Nineteen

This will pass, they said. Trust us. But Sarah called out for her mummy in her sleep and in her waking, and she ran downstairs still befuddled from the tossing, turning night, shouting: ‘Mummy? Mummy? Where are you?’ There was only her father, a shadow in the doorway, bending down to pick her up. Sarah never cried, not even when he held her hard and pressed his face into her shoulder and her Little Princess jim-jams grew wet there, where his eyes were. ‘Don’t cry, Daddy,’ she whispered. ‘I’m sorry.’

She learned fast. She learned that some things hurt more than others; that the photographs of her mother, and her mother’s clothes, and the books that had once been read aloud – ‘all the better to eat you with’ – and the mug Mummy liked to drink from were like bits of broken glass scattered around the house that cut her when she was not looking. She learned to find other things to do when Daddy had pictures and papers spread all over the kitchen table and he was sorting them, flicking them, working through them fast as though he had lost something among them, or when the music in his bedroom was loud. She kept away.

‘Do you remember the monkeys at the zoo?’ he asked her one bedtime. ‘They were gibbons, I think – a yellow one and a black one and they had a little baby. They were swinging around and bouncing off the branches and Mummy said they were us – the two of us swinging, with you in her arms – do you remember that?’ He was talking and talking, sitting on the edge of the mattress. He had stopped stroking her hair as he thought of it, but his hand was on her forehead, just there. Warm. ‘You used to say the same thing all the time after that. “Mummy, Daddy, Baby!” Do you remember?’

She said nothing. She felt a bounce in her chest.

‘You’re tired. I’ve gone on too long. Mummy loved you, Sarah, she still does. Never forget.’

He left a warm space in the bedclothes, and she thrust her legs into it.

‘Goodnight, my angel.’

‘Night, Daddy.’

That was all. It took her ages and ages to get to sleep.

She loved Saturdays when his sermon had been written, her homework done and there were no weddings, so they could go for long walks in the forest with the curate’s dog, that smelly, disobedient hound called Tutu. Then to the pictures. Her father grinned stupidly and squeezed her hand and ate popcorn (and let his eyelids close sometimes, she saw him) through Toy Story and others that blurred into primary colours over time, until she became a teenager and toons were no longer really her thing at all.

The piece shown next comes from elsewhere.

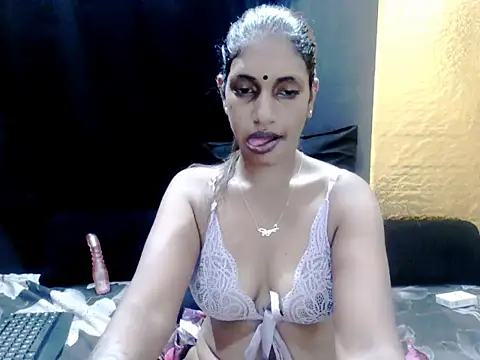 indianhoney69's cam snapshot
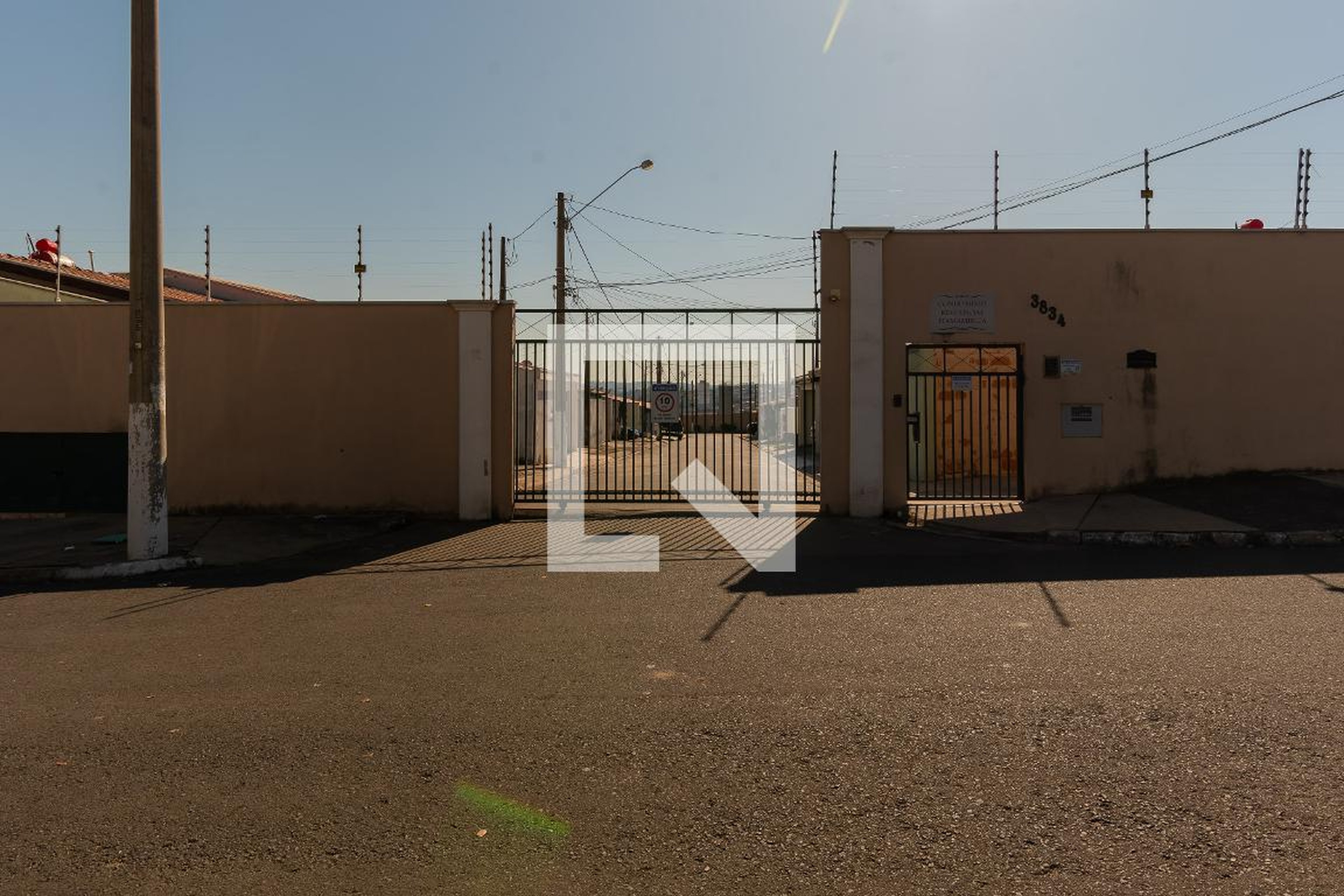 Fachada do Condomínio Condomínio em Avenida Antônio Carlos do Amaral, 3834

‘Do you like this?’ he asked once in the dark, their faces reflecting the action as some prince or other flashed his sword at a dragon.

‘Not really.’

‘Well, thank goodness for that.’

They got up, laughing, shuffled past a lot of grumbly people with awkward knees, and went for pizza. ‘Next time,’ said Sarah firmly, ‘I will choose the film.’

She chose badly. A tale of pirates and romance, with not much blood, no swearing and only a bit of kissing, so that was okay, but all she could think of in the lovey-dovey bits was a boy from her class called Stevo, who flicked pellets of chewed paper into her hair with his ruler and would look dead cool with a cutlass in his hand. She burned up in the dark like a Ready-Brek kid, glowing with embarrassment at sitting there thinking and feeling those things while her dad was there, shoulder to shoulder.

Luckily, he had fallen asleep in his seat.

He will want to talk later, she thought, but she did not mind. They talked a lot, more than other girls and dads. They liked a natter, when there was time between the church and meetings, swimming and drama group, piano lessons, tennis and laying on the floor listening to soppy songs. Oh, and reading, she did tons of that: increasingly grown-up things like the Edna O’Brien novel a woman in the congregation called Suzy put her way. The words in the books were like a code – they had structure and meaning deep within them but Sarah could not quite grasp the whole, only catch fragments. Vivid, intense, adult fragments that thrilled and frightened her. She could not ask her father about it; that would be embarrassing. And he would try to make it lead on to talking about her mother, which she would not do. Under no circumstances. That was a given. There were things Sarah and her father did not talk about, for fear of spoiling what they had. Boys, for one. And two and three. But also, mainly, Mum.